I think we will need a more general Timestamp Parquet reader. INT96 has been deprecated and Parquet Timestamp logical type is now annotated with INT64. According to https://github.com/apache/parquet-format/blob/master/LogicalTypes.md#timestamp, a TIMESTAMP(isAdjustedToUTC=true, unit=MILLIS) with the value 172800000 corresponds to 1970-01-03 00:00:00 UTC, because it is equal to 2 * 24 * 60 * 60 * 1000. During the read process, this INT64(or previous INT96) value needs to be converted to Velox Timestamp which is int64_t seconds_ and uint64_t nanos_. This conversion needs to refer to the actual logical type. For example, the way to decode a logical type with unit=MILLIS is different to the way to decode unit=NANOS. For example, the above value 172800000 will be converted to Velox Timestamp {seconds_=172800, nanos_=0}. This conversion can be done in the read() function of the TimestampColumnReader. Plain memory copying the 64or 96 bit values without doing conversion doesn't seem correct.

Also the data may be in flat encodings like PLAIN, RLE/BIT_PACKED, or other V2 integer encodings like DELTA_BINARY_PACKED. The TimestampColumnReader::read() will need to support these encodings.

I don't think using int128_t in prepareRead() has problems. prepareRead's most important job is to prepare the result values buffer. Here the request type is Velox Timestamp, which is 128 bits total. The file type is int64 or int96, but the value will be converted to TWO numbers of 128 bits total. So we will need 128 bits values array anyways.

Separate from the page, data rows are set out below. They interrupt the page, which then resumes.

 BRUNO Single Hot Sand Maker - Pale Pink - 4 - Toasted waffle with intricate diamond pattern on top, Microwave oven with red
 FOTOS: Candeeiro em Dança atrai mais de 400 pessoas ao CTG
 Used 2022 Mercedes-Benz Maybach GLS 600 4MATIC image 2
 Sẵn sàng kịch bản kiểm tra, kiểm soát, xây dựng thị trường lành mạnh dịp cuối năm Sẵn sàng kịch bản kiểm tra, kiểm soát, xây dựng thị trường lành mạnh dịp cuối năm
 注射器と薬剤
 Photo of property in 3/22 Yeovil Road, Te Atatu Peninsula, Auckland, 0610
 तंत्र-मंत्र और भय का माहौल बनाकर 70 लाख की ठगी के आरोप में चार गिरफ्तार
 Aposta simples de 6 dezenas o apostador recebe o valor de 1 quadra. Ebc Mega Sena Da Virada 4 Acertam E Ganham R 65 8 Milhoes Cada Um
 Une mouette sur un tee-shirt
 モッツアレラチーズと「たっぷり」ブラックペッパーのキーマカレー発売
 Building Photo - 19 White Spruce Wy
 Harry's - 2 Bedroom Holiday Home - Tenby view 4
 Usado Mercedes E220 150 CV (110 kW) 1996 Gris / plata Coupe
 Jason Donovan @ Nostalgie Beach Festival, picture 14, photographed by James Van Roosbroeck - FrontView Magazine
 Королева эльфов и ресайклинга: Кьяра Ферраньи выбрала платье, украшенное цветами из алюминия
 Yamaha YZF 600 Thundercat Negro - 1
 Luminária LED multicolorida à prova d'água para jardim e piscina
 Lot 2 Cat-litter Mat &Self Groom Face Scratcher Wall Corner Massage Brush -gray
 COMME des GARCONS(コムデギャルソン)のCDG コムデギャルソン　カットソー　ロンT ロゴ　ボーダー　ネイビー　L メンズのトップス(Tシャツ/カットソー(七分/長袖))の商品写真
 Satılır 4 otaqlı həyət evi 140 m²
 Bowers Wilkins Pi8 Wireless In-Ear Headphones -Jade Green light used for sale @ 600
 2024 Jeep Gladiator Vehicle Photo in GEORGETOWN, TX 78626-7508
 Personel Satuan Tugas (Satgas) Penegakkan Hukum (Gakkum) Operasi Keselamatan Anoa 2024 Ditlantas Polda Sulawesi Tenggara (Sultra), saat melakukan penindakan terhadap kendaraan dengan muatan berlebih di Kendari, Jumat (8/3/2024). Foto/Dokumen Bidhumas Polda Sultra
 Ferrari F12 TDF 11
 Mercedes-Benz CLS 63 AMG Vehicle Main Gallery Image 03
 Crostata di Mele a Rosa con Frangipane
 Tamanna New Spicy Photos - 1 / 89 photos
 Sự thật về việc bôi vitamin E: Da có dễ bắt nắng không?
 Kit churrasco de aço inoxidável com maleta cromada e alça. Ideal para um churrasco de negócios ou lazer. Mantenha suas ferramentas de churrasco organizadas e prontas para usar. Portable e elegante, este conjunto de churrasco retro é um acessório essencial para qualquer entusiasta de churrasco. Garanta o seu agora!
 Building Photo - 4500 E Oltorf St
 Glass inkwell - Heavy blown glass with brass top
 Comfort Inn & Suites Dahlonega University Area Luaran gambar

Now let's consider 2 ways of doing it:

  1. do the conversion in read() and the getValues() call would just be a single line of casting.
  2. Read the values in the file type(64 or 96 bits) and store them as is in the values array, then getValues() does the conversion.

I think 1 is better than 2, because in 2 you need to allocate 2 arrays for the results, one of 128 bit wide, the other of 64 or 96 bits wide. This is not good for performance or memory footprint. If we choose 1, then we can just use int128_t to prepare the result values array, and read() would write into the higher 64 bits as int64_t seconds_ and lower 64 bits as uint64_t nanos_. Then in getValues(), we can just use existing code to directly cast the 128 bit value to Timestamp.

@rui-mo @chliang71 Is anyone of you interested in working on this?

yingsu00 avatar Oct 13 '23 07:10 yingsu00

@yingsu00 Thank you so much for the informative guideline.

INT96 has been deprecated and Parquet Timestamp logical type is now annotated with INT64.

Do you think it is still needed to support INT96 in Velox? If not, I shall remove the INT96 support.

This conversion needs to refer to the actual logical type.

For INT64 support, It may take some time for me to try as you suggested. Another question is, there are some filter pushdown logics in integer column reader, what's your suggestion for the filter pushdown of timestamp type? Is it possible to reuse some existing logic?

rui-mo avatar Oct 17 '23 08:10 rui-mo

Do you think it is still needed to support INT96 in Velox? If not, I shall remove the INT96 support.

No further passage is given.